SINGAPORE — Although still a good hedge against inflation, the days of making a quick buck from property are over, declared a senior property analyst on Tuesday (July 17).
With the Government’s latest cooling measures, owners attempting a collective sale will have to reduce their asking price to seal the deal as the cost of land acquisition has increased significantly for developers, said JLL’s head of research and consultancy Tay Huey Ying at an industry seminar organised by the Real Estate Developers’ Association of Singapore (Redas).
The cooling measures that took effect on July 6 saw Additional Buyer’s Stamp Duty (ABSD) rates raised and Loan-to-Value limits tightened for Singapore citizens, permanent residents and foreigners in a bid to “keep prices in line with economic fundamentals”.
Besides a 10 percentage-point increase in ABSD rates for developers, they are also subjected to a 5 per cent ABSD that is non-remittable if they buy residential properties for development.
Homeowners typically make higher profits by going en bloc than by selling their homes on the resale market.
Although there is “still room for collective sale activity”, the en bloc market will slow down further, Ms Tay said.
The pace was already waning before the cooling measures took effect, as developers had sufficiently replenished their land bank through successful collective sales last year and in the first half of this year, she said.
Ms Tay expects some time for an equilibrium price to be reached, and said the slowing en bloc market could be positive for the wider property market as unsold inventory will be reduced, providing opportunities for the next wave of collective sales.
NO RUNAWAY PRICES
Going forward, private home prices are likely to increase despite the latest cooling measures, albeit at a moderate pace, she said.

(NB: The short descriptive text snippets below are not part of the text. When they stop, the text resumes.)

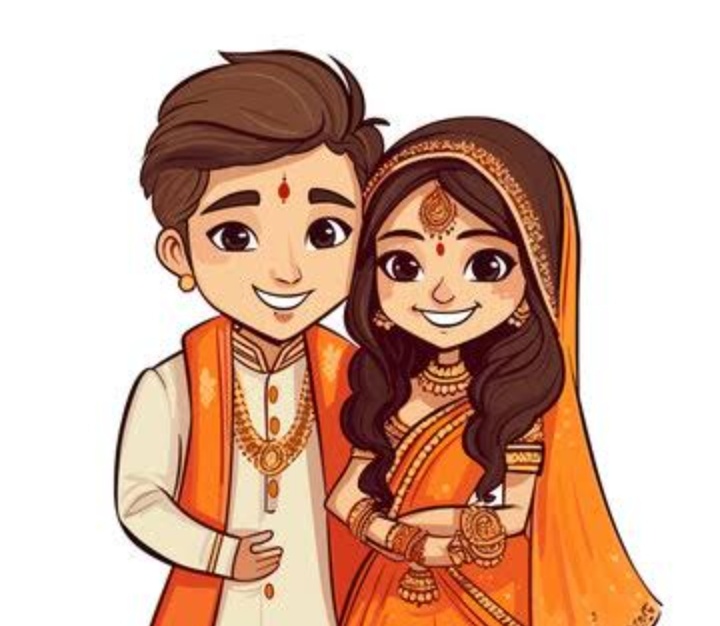 गोरखपुर -: प्रेम प्रसंग में पकड़ा गया लड़का तो पंचायत ने कराई शादी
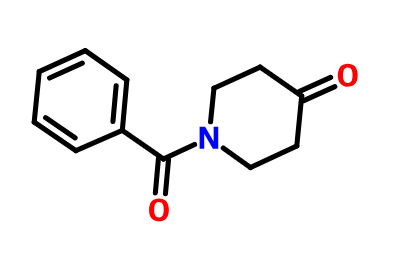 1-苯酰基-4-哌啶酮,N-BENZOYL-4-PIPERIDONE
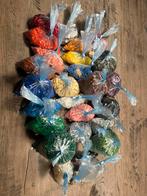 Grote partij Ministeck, Hobby en Vrije tijd, Ministeck, Ophalen of Verzenden, Gebruikt, Losse ministeck of Strip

“Historically, home prices have been known to be notoriously resilient against downward forces,” said Ms Tay, pointing out how prices inched up by 30 per cent between 2010 and 2013 despite several rounds of cooling measures during that period.
Even when prices turned the corner in 2013, Ms Tay said it was an “inelastic downward” shift of 11.6 per cent over four years.
Homeowners were able to ride out the downturn as they were in a strong cash flow position and did not feel the urgent need to sell their homes, noted Ms Tay.
The current environment of steady economic and employment growth will support an increase in prices in the near- to mid-term, as long as there are no shocks – such as a full-blown trade war – that send the Singapore economy into a recession, she said.
However, “the minute prices threaten to run away… the government will not hesitate to impose further measures”, she said.
Industry players should accept that the residential property market will be “closely watched” by authorities and “subjected to regulation”.
In response to a question on whether homes remain affordable to Singaporeans, Ms Tay noted that the median household income between 2007 and 2017 increased by 68.3 per cent, while the property prices rose 17.4 per cent between the second quarter of 2008 and 2018.
AN OVERSUPPLY IN THE HORIZON?
While Ms Tay projected about 50,500 unsold units coming onstream in the next few years, including those from the Government land sales and collective sales sites sold until the first half of 2018, Redas president Augustine Tan’s estimate was 59,500.
Unlike Mr Tan who said the supply glut could worsen because of the cooling measures, Ms Tay felt oversupply could be avoided if developers phase their launches in response to demand.
With five years from the time they are awarded a site to launch and sell all units before being ineligible to apply for a remission of the ABSD, Ms Tay said developers should be able to delay launches given their strong cash flow position.
Using a one-year buffer, Ms Tay said 12,600 units could be launched per year, catering comfortably to the average of 10,000 to 12,000 units that have been sold yearly over the last decade.
On whether the population will grow at a rate fast enough to occupy these homes, she said that while population growth has averaged 1.1 per cent annually over the last five years, resident household formation has been growing at a faster average of 2.3 per cent every year over the same time period.
The latter is driven by the growth in single-person households, which has increased 8.9 per cent per annum over the last five years.
And with the Government’s push to increase the quality of the foreign workforce in Singapore, Ms Tay expects a bigger pool of those able to afford living in private homes, to contribute to the take-up rate.